■ PROBLEM TO SOLVE
Nothing but the records, copied exactly and stripped of pictures, should be in the answer.

DATA UNDER STUDY Block Start

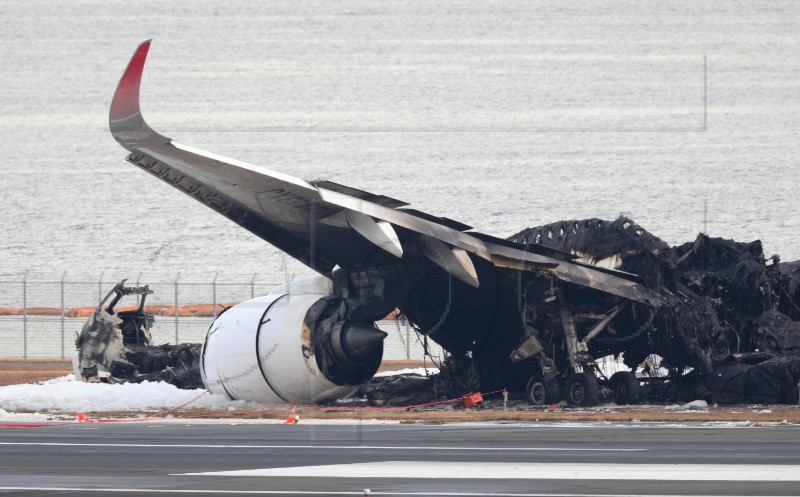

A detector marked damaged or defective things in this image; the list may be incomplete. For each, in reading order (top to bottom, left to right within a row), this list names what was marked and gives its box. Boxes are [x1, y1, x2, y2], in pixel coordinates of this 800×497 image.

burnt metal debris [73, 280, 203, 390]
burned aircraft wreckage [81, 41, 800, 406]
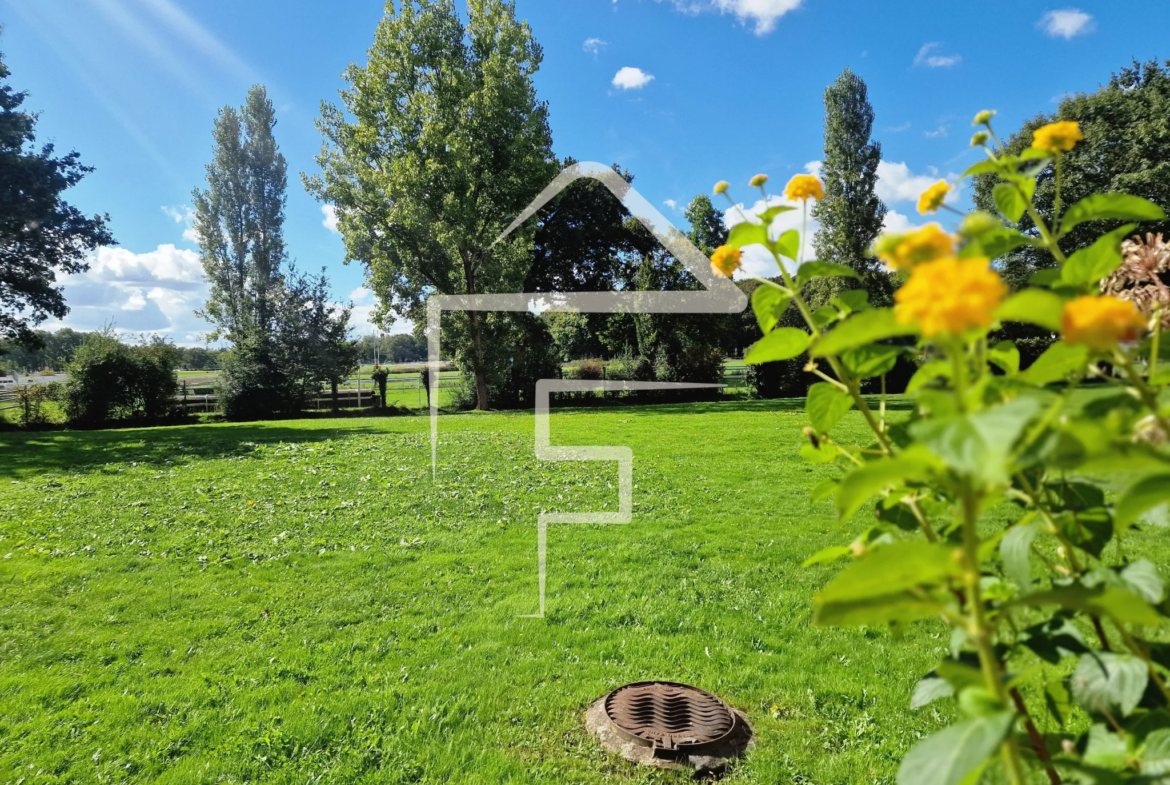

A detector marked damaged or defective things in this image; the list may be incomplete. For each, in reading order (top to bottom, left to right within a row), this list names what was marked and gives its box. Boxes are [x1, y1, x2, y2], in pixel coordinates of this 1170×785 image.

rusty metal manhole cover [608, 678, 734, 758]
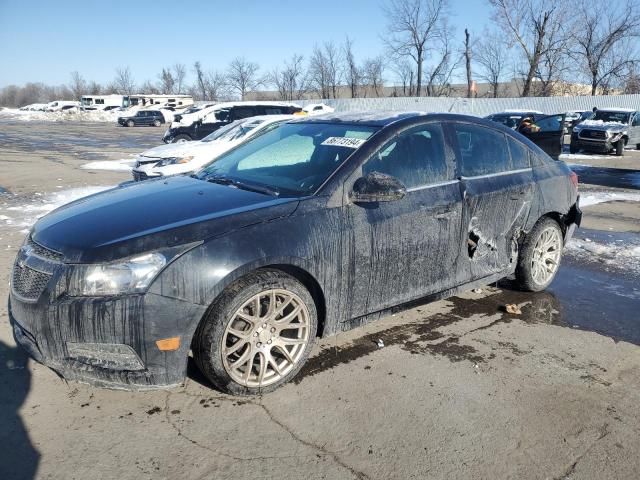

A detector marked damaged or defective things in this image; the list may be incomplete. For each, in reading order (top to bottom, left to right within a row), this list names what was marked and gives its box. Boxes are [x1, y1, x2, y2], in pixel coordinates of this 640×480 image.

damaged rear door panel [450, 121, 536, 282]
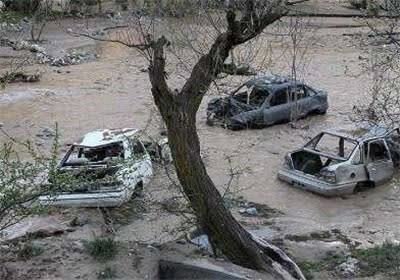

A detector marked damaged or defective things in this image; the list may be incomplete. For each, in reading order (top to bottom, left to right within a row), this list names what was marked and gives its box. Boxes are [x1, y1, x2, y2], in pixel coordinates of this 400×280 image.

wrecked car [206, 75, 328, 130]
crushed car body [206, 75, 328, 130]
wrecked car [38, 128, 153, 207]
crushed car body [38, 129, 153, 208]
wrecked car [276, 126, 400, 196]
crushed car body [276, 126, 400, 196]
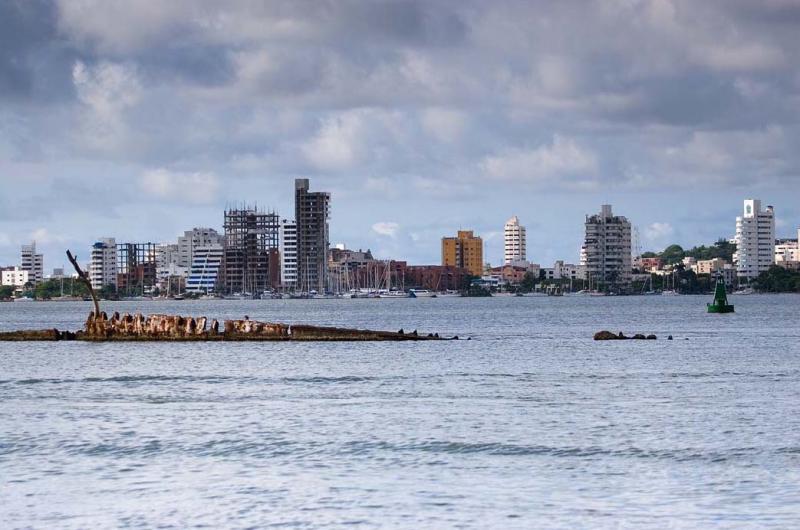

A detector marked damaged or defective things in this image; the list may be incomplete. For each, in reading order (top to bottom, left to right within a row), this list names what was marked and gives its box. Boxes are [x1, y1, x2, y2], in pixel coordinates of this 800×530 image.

DATA UNDER STUDY Block End

■ RESULT
A detector marked damaged or defective things in this image; the list may be incomplete. For each, in reading order (top to bottom, left to right within a row), this list names what was marked and gives its box. Boxes are [x1, y1, x2, y2], in pixel coordinates of this 800×497 image.

burnt metal debris [73, 280, 203, 390]
burned aircraft wreckage [81, 41, 800, 406]

A detector marked damaged or defective things in this image; the list may be incomplete. For each, in reading order (top to bottom, left to right within a row), this list names what was marked and gives its box. Boxes are [x1, y1, x2, y2], in pixel coordinates of this 1170×785 image.

rusty metal manhole cover [608, 678, 734, 758]

A detector marked damaged or defective things in this image; the list may be incomplete. For each, in reading order (top to bottom, left to right within a row), this list names what was marked and gives its box. Boxes are [x1, y1, x2, y2], in pixel coordinates of this 640×480 image.

damaged rear door panel [450, 121, 536, 282]

A detector marked damaged or defective things in this image; the list may be incomplete. For each, in reading order (top to bottom, left to right within a row), this list names what was marked and gives its box. Boxes are [x1, y1, x2, y2], in pixel coordinates of this 400×280 image.

wrecked car [206, 75, 328, 130]
crushed car body [206, 75, 328, 130]
wrecked car [38, 128, 153, 207]
crushed car body [38, 129, 153, 208]
wrecked car [276, 126, 400, 196]
crushed car body [276, 126, 400, 196]

A detector marked damaged or defective things in this image; the list may be incomplete. For each, in reading order (top to bottom, left to right within a row), this list names what was marked and gives its box. Boxes are [x1, y1, x2, y2], in pixel coordinates of this 800×530 image.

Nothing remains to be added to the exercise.